Episteme and Techne     About     Projects     Archive     Feed

Sequences and Generators

If you’ve written code in Swift, you may have seen the for in (or foreach) loop at some point. For those who aren’t acquainted with it, an simple example follows:

// prints "first", "second", and "third", each on its own line
for item in ["first", "second", "third"] {
    println(item)
}

This loop runs once for each object in the array. Each time it runs, it binds the current object to the constant item, allowing the code within the loop to perform some operation based on that object. Since in this case the array contains strings, item is automatically inferred to be of type String.

It turns out you can also write a foreach loop to iterate over the items in a dictionary…

for (number, name) in [1: "one", 2: "two", 3: "three"] {
  println("The number \(number) is named \(name)")
}

…or a range.

var buffer = "0"
for index in 1..<10 {
  buffer += " \(index)"
}
// buffer is now "0 1 2 3 4 5 6 7 8 9"

But Array, Dictionary, and Range are Swift built-in types. What if we wanted to build our own collection and iterate over it using a foreach loop? Let’s try doing so and see what happens.

Building a Linked List

The linked list is a fundamental data structure, one of the first data structures taught to computer science students. It consists of a chain of nodes which each contain a value, as well as a reference to the next node in the chain.

One elegant way to reason about linked lists is to first imagine an empty list, a special list containing zero elements. We can then construct a list using the following technique:

  • We start with the empty list: []
  • We prepend the first item A to the empty list to form a list with one element: [A]--> []
  • Then we prepend the second item B to that list to form a list with two elements: [B]--> [A]--> []
  • …and so forth

A Swift linked-list implementation using classes and inheritance follows:

class List<T> { }

final class ConsList<T> : List<T> {
  let value : T
  let next : List<T>

  init(_ value: T, next: List<T>) {
    self.value = value
    self.next = next
  }
}

final class NilList<T> : List<T> { }

Linked lists are defined recursively. The NilList class serves as our empty list and base case. All other lists are defined as a ConsList containing a value and followed by a slightly smaller linked list.

Sequences and Generators

Now that we have a linked list type, we want to be able to iterate through the linked list nodes in order using a foreach loop.

The secret to doing so lies in the SequenceType protocol. In Swift, protocols can confer special powers to types that choose to conform to them, and SequenceType is no exception.

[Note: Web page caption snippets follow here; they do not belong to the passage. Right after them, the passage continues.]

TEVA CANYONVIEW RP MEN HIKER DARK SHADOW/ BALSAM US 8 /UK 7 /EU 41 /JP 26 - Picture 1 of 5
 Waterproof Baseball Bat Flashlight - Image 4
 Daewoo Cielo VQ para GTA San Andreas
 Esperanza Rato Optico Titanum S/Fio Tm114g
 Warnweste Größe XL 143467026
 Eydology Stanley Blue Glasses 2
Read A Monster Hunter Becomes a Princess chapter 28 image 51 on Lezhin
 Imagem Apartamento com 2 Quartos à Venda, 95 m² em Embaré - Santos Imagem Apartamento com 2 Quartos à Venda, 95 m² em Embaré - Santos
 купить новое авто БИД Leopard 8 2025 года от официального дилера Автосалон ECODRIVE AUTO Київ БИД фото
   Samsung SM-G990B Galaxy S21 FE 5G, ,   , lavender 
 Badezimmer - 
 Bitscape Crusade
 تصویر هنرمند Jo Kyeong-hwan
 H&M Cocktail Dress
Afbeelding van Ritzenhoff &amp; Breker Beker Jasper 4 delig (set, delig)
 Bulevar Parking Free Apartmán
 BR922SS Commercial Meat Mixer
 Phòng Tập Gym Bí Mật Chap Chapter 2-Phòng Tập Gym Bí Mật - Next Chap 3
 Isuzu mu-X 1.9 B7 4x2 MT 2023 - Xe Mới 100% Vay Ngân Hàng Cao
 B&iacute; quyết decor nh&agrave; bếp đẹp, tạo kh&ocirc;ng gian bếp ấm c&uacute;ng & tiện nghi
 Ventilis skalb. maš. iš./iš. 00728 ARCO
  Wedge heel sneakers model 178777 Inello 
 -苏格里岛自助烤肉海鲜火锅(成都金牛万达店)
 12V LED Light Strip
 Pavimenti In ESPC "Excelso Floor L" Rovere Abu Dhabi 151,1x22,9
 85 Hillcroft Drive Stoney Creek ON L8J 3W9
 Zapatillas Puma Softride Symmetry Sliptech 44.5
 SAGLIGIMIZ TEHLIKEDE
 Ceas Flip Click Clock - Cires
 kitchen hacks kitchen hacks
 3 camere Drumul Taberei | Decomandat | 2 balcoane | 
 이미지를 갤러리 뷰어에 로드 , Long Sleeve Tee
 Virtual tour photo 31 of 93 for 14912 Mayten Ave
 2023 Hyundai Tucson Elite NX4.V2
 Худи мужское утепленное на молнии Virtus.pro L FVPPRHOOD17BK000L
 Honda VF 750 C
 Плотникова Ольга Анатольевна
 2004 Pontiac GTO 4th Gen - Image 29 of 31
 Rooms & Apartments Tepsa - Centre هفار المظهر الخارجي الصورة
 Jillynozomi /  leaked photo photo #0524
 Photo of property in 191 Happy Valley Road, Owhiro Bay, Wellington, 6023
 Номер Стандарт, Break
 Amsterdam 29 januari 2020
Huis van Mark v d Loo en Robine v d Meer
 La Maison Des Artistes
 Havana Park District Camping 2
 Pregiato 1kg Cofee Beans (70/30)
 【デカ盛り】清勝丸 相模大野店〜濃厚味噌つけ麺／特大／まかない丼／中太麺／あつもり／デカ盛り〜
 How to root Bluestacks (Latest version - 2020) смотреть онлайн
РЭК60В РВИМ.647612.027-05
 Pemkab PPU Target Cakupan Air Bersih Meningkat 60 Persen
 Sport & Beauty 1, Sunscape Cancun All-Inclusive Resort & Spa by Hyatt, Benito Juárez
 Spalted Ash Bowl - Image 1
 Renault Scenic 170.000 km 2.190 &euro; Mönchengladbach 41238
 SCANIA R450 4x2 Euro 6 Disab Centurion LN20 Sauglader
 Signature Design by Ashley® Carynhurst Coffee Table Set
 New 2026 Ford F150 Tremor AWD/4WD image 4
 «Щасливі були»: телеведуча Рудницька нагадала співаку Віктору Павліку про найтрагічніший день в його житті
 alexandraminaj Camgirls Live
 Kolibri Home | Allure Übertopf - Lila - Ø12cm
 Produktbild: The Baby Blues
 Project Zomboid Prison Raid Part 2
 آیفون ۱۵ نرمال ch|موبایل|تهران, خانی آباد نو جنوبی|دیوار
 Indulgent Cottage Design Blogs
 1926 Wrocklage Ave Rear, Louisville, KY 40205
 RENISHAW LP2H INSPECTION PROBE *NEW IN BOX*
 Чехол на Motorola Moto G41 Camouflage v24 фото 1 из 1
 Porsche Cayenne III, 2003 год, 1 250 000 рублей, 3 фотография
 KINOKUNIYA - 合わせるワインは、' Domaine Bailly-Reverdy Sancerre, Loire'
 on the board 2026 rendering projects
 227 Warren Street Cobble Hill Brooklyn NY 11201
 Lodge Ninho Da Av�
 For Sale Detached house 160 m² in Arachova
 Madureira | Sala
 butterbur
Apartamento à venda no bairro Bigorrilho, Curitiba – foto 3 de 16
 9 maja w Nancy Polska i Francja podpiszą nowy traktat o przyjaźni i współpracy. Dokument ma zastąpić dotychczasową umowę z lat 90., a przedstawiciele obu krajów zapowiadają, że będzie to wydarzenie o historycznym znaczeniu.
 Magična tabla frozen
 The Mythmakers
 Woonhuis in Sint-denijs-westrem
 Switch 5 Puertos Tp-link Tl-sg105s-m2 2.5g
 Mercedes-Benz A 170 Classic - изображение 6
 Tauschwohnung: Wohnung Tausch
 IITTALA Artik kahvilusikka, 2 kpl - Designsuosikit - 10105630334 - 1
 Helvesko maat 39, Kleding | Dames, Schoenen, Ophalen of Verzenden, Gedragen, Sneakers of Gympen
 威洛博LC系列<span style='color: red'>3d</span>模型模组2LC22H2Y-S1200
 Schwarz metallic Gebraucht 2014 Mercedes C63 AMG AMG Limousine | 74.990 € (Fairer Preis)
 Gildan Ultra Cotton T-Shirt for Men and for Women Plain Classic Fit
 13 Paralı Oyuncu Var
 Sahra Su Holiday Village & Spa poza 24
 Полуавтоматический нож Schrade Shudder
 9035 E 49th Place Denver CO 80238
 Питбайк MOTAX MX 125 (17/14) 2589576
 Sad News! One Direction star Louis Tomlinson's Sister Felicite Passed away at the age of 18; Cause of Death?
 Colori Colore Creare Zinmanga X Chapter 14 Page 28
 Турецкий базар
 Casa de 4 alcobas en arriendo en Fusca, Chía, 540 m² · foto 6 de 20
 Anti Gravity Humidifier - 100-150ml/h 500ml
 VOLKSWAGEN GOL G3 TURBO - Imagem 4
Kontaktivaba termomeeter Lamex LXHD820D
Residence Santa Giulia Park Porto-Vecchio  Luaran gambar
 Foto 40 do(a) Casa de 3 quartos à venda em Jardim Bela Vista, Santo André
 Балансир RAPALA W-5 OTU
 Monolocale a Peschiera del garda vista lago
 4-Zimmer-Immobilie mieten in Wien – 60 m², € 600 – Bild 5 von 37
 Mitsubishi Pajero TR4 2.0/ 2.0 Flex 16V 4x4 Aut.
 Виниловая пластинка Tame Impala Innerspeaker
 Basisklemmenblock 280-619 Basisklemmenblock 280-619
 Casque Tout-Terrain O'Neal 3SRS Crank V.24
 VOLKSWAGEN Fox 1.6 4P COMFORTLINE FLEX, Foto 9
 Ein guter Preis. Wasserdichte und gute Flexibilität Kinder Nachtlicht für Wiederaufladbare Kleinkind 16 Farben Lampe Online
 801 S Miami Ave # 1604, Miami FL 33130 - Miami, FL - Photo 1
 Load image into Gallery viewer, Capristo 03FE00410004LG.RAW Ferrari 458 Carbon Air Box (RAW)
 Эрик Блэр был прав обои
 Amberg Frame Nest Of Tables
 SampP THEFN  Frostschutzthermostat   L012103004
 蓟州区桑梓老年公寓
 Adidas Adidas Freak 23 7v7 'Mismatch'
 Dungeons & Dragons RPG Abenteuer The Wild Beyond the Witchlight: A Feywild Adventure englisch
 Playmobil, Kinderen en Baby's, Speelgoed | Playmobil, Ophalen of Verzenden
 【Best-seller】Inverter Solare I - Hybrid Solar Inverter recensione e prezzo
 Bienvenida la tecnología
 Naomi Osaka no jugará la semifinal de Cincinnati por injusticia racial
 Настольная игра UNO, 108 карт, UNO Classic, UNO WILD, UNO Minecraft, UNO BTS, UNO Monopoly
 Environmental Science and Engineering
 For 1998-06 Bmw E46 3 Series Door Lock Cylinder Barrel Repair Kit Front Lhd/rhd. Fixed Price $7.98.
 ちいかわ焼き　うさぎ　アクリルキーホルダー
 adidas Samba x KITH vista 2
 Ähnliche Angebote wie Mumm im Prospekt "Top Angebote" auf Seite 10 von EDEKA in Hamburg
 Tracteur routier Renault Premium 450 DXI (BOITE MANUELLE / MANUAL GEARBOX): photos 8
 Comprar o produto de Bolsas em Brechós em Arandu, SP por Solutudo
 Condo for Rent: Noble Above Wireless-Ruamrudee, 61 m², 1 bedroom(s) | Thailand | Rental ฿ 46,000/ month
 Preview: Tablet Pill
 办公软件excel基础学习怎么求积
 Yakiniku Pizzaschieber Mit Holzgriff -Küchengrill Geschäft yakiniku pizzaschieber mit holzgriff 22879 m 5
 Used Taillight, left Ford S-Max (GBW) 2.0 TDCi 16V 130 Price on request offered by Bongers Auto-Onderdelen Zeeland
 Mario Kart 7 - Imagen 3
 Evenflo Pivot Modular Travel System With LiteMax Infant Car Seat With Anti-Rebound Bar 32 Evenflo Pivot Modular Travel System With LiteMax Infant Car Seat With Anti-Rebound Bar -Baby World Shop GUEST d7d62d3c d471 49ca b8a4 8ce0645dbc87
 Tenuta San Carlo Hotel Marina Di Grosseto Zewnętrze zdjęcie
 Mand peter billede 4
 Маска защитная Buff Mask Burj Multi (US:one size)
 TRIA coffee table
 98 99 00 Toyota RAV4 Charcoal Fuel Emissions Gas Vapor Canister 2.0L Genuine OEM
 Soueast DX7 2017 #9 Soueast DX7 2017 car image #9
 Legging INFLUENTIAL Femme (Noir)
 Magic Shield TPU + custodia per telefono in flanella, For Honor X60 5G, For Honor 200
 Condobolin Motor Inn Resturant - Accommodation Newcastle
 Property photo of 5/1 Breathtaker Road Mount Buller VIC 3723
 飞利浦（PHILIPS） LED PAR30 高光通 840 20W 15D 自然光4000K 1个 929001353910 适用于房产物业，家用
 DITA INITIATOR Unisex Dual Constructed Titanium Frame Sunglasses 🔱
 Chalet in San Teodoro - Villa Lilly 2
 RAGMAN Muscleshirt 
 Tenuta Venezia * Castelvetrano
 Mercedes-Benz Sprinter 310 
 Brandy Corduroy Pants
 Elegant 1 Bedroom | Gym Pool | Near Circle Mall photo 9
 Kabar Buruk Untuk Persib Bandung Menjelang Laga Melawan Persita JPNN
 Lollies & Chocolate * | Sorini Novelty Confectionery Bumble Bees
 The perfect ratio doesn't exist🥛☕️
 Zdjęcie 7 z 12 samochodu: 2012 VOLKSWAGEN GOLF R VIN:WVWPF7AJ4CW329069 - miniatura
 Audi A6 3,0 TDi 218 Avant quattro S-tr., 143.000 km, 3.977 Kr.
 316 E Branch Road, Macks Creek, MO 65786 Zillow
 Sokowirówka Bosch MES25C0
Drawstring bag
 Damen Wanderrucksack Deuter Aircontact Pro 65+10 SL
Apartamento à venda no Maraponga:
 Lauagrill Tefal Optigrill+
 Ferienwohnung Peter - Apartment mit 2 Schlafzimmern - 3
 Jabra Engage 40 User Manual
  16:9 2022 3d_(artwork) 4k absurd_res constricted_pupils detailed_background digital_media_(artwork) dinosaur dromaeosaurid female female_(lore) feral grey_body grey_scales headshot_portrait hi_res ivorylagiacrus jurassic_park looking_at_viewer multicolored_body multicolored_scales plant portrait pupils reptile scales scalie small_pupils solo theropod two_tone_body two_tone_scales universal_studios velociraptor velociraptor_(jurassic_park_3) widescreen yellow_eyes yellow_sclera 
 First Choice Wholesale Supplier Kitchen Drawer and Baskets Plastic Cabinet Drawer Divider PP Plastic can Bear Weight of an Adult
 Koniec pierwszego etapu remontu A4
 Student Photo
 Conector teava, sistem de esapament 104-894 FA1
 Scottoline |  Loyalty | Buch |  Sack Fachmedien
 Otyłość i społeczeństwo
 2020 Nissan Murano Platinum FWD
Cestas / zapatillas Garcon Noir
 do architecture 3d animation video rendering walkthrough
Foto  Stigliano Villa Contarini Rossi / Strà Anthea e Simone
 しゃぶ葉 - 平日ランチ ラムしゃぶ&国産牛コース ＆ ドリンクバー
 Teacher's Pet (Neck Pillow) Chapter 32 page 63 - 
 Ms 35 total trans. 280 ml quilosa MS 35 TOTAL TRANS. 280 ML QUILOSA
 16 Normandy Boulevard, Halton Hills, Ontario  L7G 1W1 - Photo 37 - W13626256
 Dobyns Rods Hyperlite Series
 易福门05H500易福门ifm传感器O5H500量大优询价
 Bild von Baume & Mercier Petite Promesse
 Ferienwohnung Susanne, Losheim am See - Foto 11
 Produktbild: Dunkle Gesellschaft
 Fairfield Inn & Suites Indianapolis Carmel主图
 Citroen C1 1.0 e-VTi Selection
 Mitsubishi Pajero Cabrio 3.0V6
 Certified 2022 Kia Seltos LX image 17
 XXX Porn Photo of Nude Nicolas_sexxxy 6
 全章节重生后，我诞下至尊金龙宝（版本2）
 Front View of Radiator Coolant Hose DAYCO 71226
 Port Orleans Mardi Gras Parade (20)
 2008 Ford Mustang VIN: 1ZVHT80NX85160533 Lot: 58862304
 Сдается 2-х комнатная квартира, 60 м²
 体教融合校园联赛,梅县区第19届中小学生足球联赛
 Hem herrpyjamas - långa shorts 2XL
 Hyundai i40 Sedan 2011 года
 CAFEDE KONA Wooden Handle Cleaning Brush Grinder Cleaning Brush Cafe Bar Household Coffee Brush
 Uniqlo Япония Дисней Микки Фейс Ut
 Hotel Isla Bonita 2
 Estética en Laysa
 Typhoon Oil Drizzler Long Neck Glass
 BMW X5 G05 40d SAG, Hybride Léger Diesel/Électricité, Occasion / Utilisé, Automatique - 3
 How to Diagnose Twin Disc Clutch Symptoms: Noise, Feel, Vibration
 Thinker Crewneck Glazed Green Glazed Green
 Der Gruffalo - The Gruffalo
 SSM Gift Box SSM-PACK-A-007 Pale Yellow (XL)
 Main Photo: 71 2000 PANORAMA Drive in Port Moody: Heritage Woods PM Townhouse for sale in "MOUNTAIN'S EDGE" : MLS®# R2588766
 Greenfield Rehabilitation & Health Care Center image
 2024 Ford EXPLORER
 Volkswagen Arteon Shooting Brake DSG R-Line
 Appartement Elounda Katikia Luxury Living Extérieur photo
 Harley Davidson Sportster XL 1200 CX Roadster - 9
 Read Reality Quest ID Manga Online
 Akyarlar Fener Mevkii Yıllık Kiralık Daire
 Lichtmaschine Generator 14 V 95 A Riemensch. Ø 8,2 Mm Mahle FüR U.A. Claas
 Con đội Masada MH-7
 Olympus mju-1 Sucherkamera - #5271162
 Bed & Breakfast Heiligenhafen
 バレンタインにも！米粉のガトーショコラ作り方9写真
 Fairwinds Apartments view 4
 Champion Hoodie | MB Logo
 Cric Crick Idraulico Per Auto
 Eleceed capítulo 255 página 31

Indeed, any type that adopts SequenceType can be used with foreach loops.

The SequenceType protocol defines a single function: generate(), which takes no arguments and returns a Generator. Let’s go ahead and begin extending our List class:

// Initial attempt
extension List : SequenceType {
  func generate() -> Generator {
    // ???
  }
}

In order to proceed, we need to know what generate() is supposed to do, and what a Generator is.

Generators

A generator is a helper object that is related to the sequence we want to iterate through. Generator is not the name of a predefined Swift class, but rather an associated type belonging to the SequenceType protocol.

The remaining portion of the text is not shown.